What the exercise asks » Exclude the pictures, then quote exactly the lines from the one holding "Jim Witt's Weather" through the last line of the records.

[Caption-style text data]
★ ★ ★ ★ ★ ★ ★

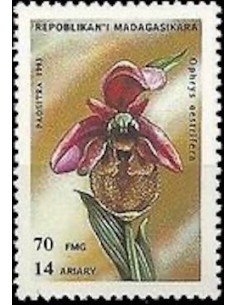 Madagascar N° 1323C Obli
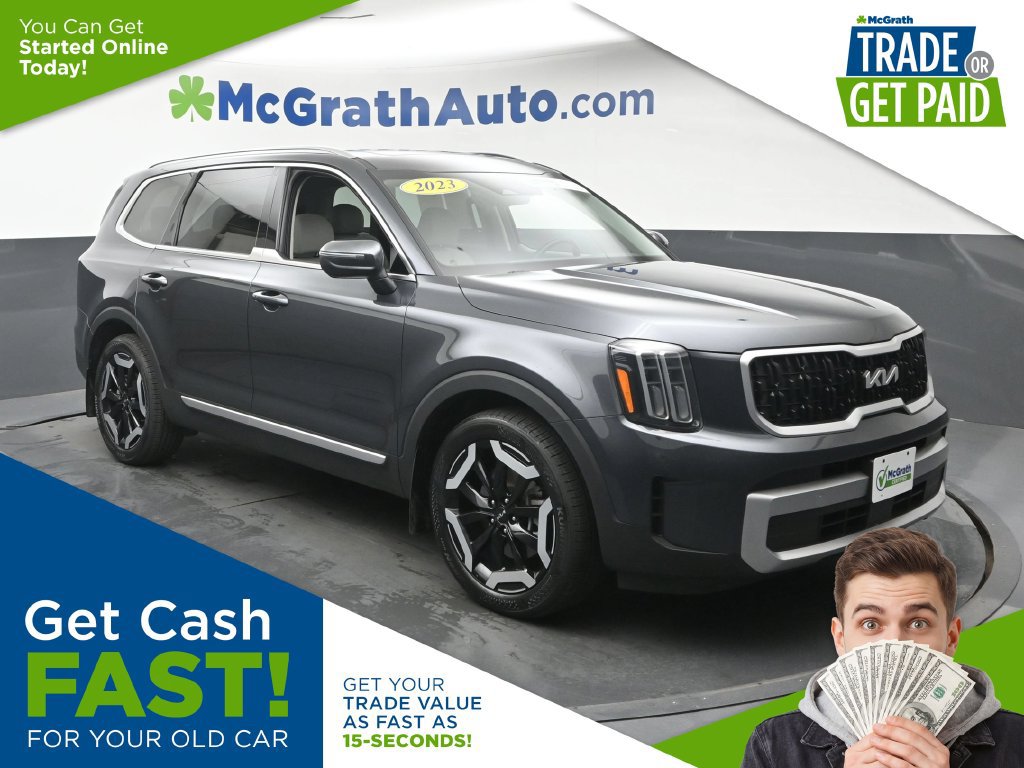 Used 2023 Kia Telluride EX SUV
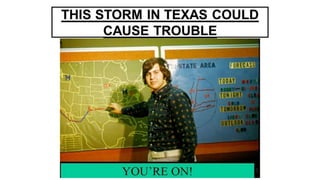 Jim Witt's Weather Forecasting Education Getting Started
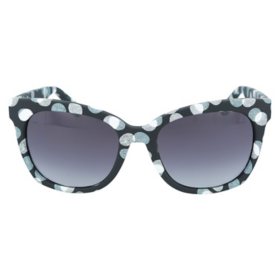 Alexander McQueen MQ0011S Sunglasses, Grey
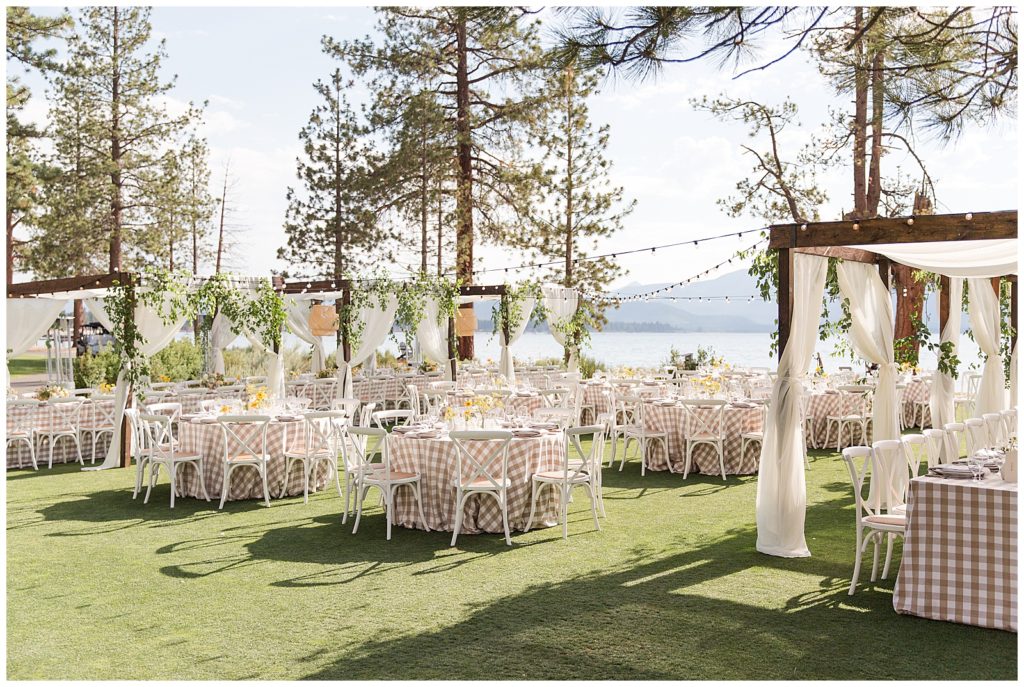 Lake Tahoe wedding ideas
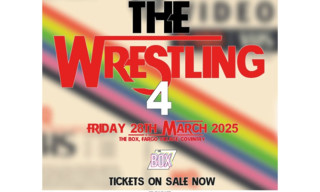The Wrestling @ FarGo Village  NEW DATE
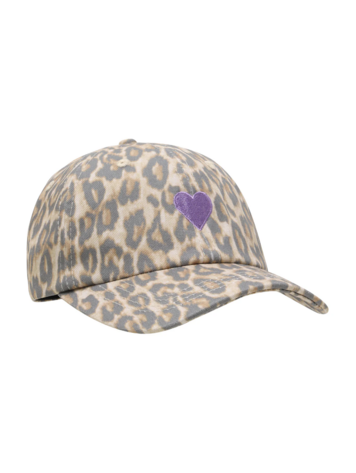 Daily7 Daily7 | Pet Leopard latte sand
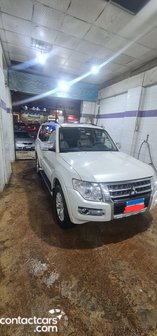 Used Mitsubishi Pajero 2018
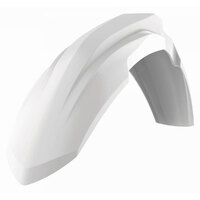 Polisport White Front Fender for Honda CRF450RX 2017-2020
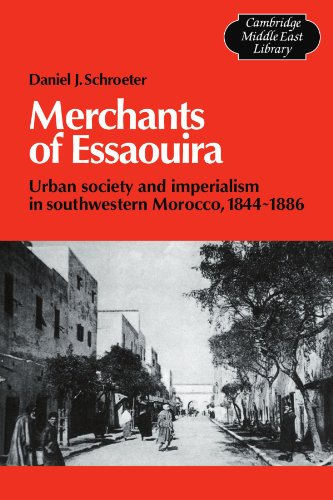 Merchants of Essaouira Cover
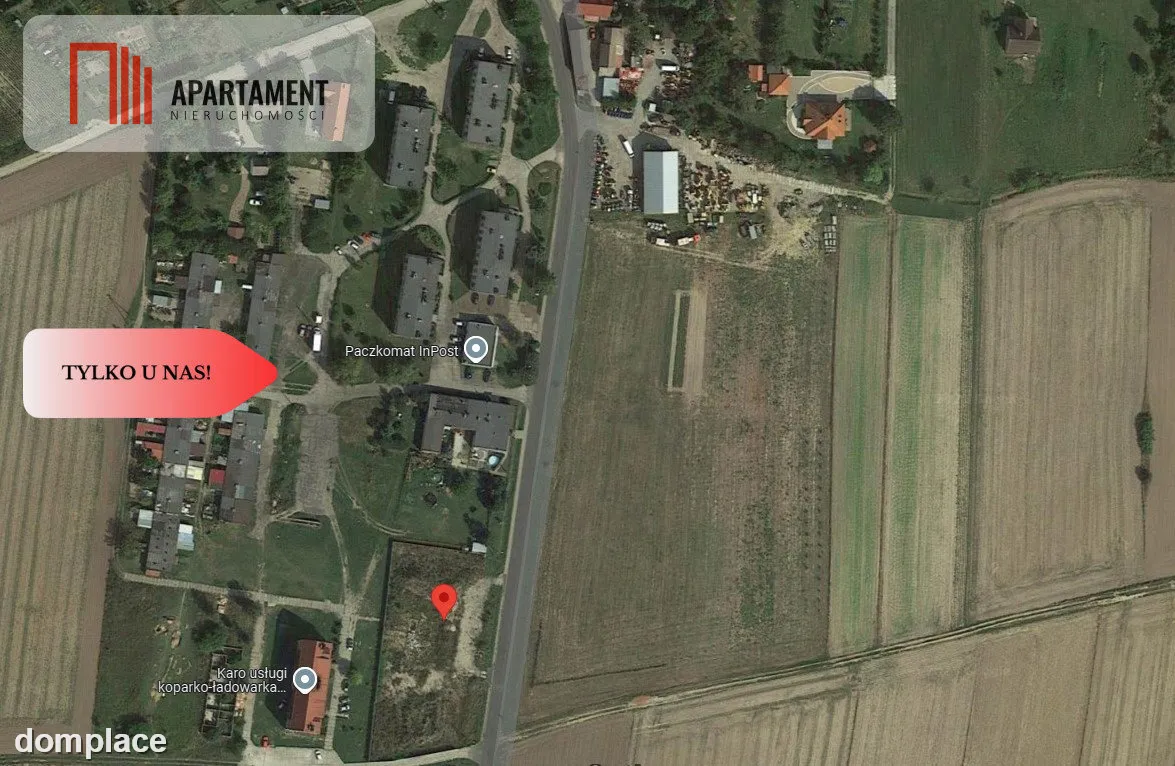 ATRAKCYJNA DZIAŁKA USŁUGOWA W SŁĄCZNIE — zdjęcie 9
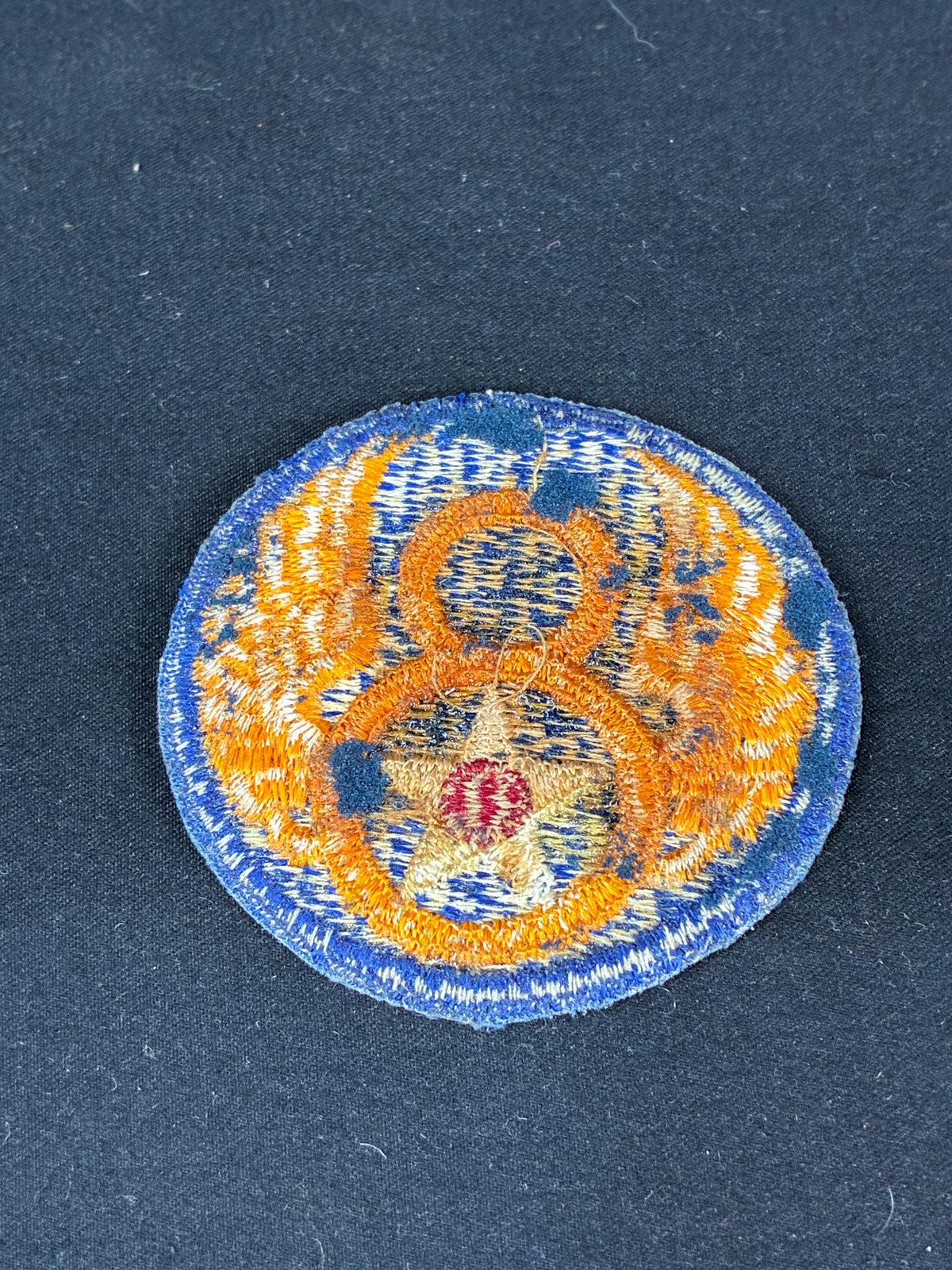 WW2 USAAF 8th Airforce Badge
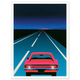 Vegas Muscle - Unframed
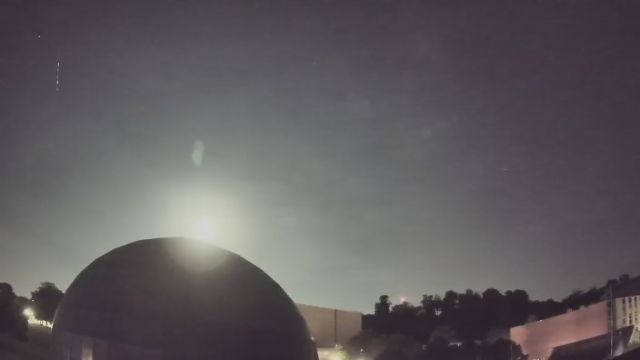 AMS213 meteor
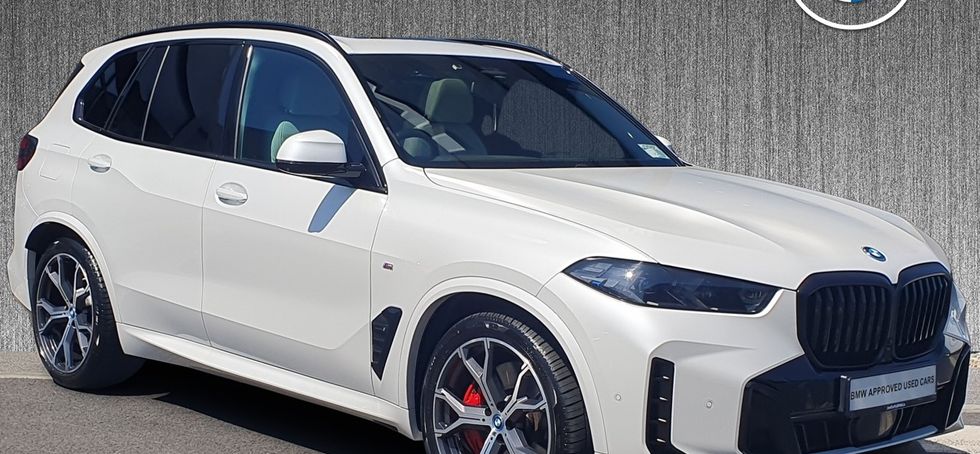 BMW X5 2023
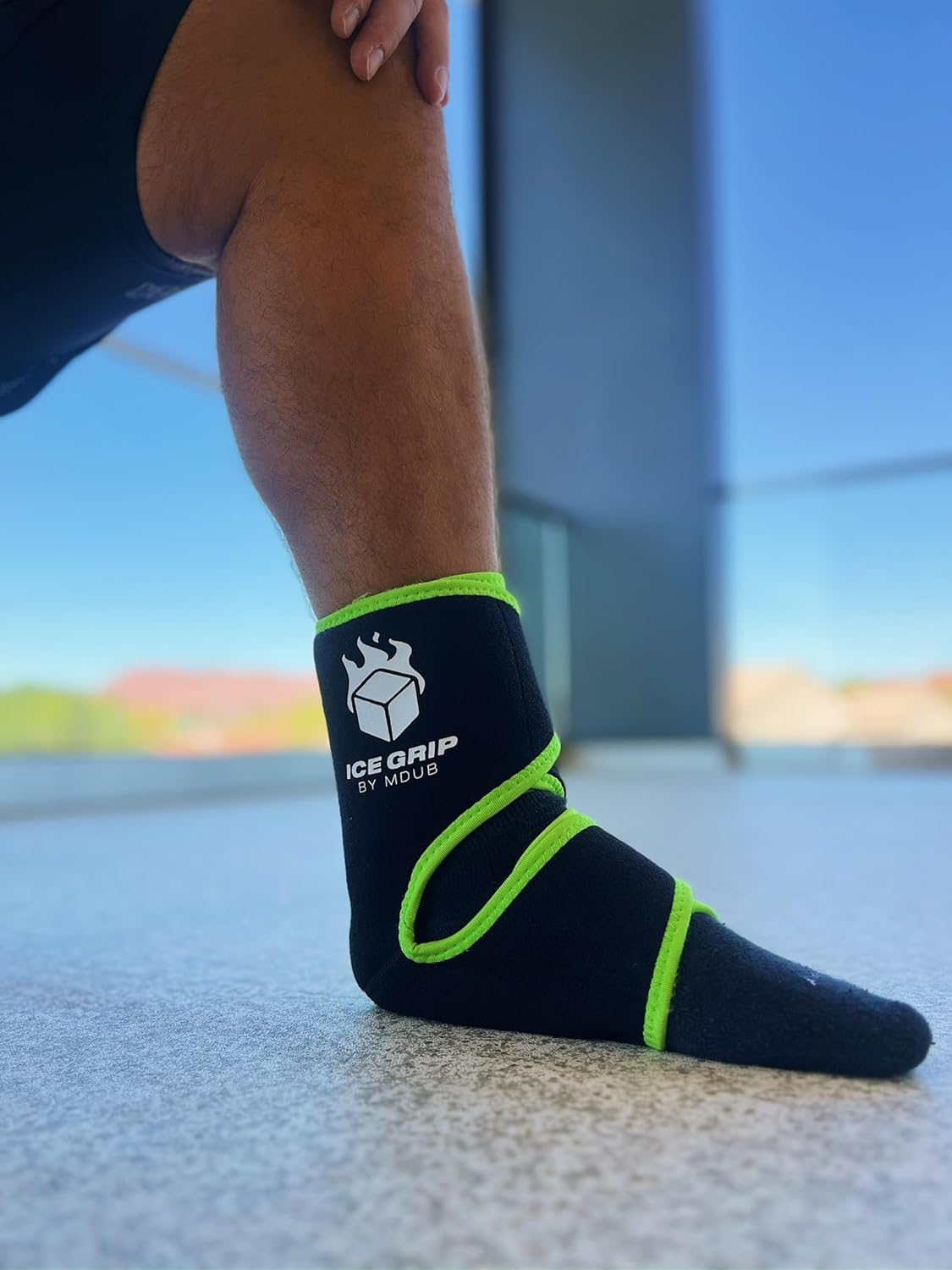 reusable-gel-ice-wrap-for-ankle-and-foot---hot-cold-compression-therapy-for-injury-recovery-inflammation-post-surgery-relief---flexible-and-durable-for-soccer-and-basketball-players-9
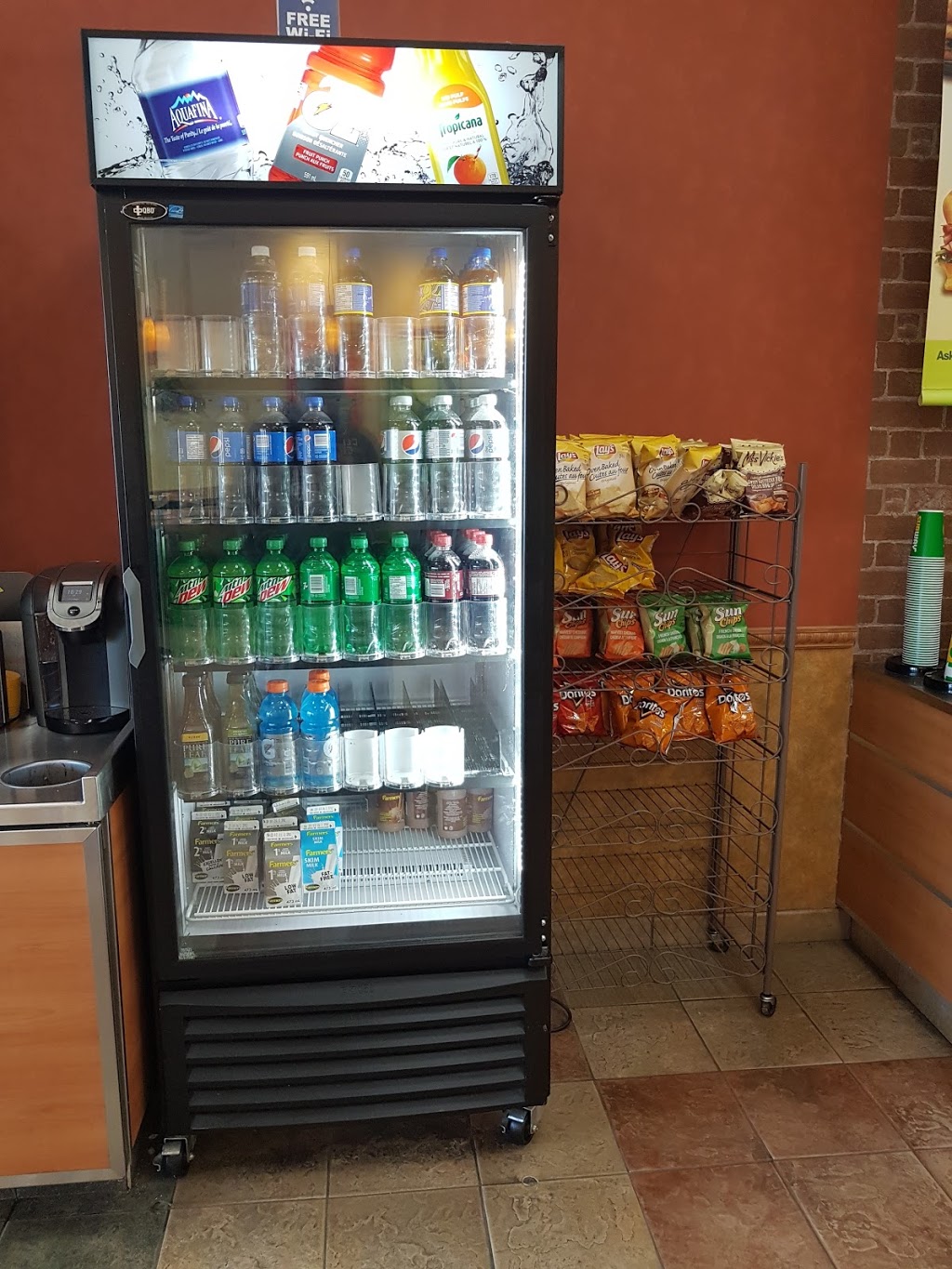 Subway | 100 Main St Westphal Plaza, Unit 7, Dartmouth, NS B2X 1R5, Canada | Phone: (902) 434-8900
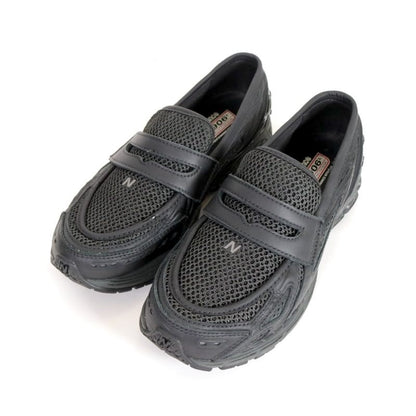 NEW BALANCE 1906L Loafer Hybrid Sneakers Black Size 26.5cm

★ ★ ★ ★ ★ ★ ★

Solution to the problem »
 Jim Witt's Weather Forecasting Education Getting Started
 Alexander McQueen MQ0011S Sunglasses, Grey
 Lake Tahoe wedding ideas
The Wrestling @ FarGo Village  NEW DATE
 Daily7 Daily7 | Pet Leopard latte sand
 Used Mitsubishi Pajero 2018
 Polisport White Front Fender for Honda CRF450RX 2017-2020
 Merchants of Essaouira Cover
 ATRAKCYJNA DZIAŁKA USŁUGOWA W SŁĄCZNIE — zdjęcie 9
 WW2 USAAF 8th Airforce Badge
 Vegas Muscle - Unframed
 AMS213 meteor
 BMW X5 2023
 reusable-gel-ice-wrap-for-ankle-and-foot---hot-cold-compression-therapy-for-injury-recovery-inflammation-post-surgery-relief---flexible-and-durable-for-soccer-and-basketball-players-9
 Subway | 100 Main St Westphal Plaza, Unit 7, Dartmouth, NS B2X 1R5, Canada | Phone: (902) 434-8900
 NEW BALANCE 1906L Loafer Hybrid Sneakers Black Size 26.5cm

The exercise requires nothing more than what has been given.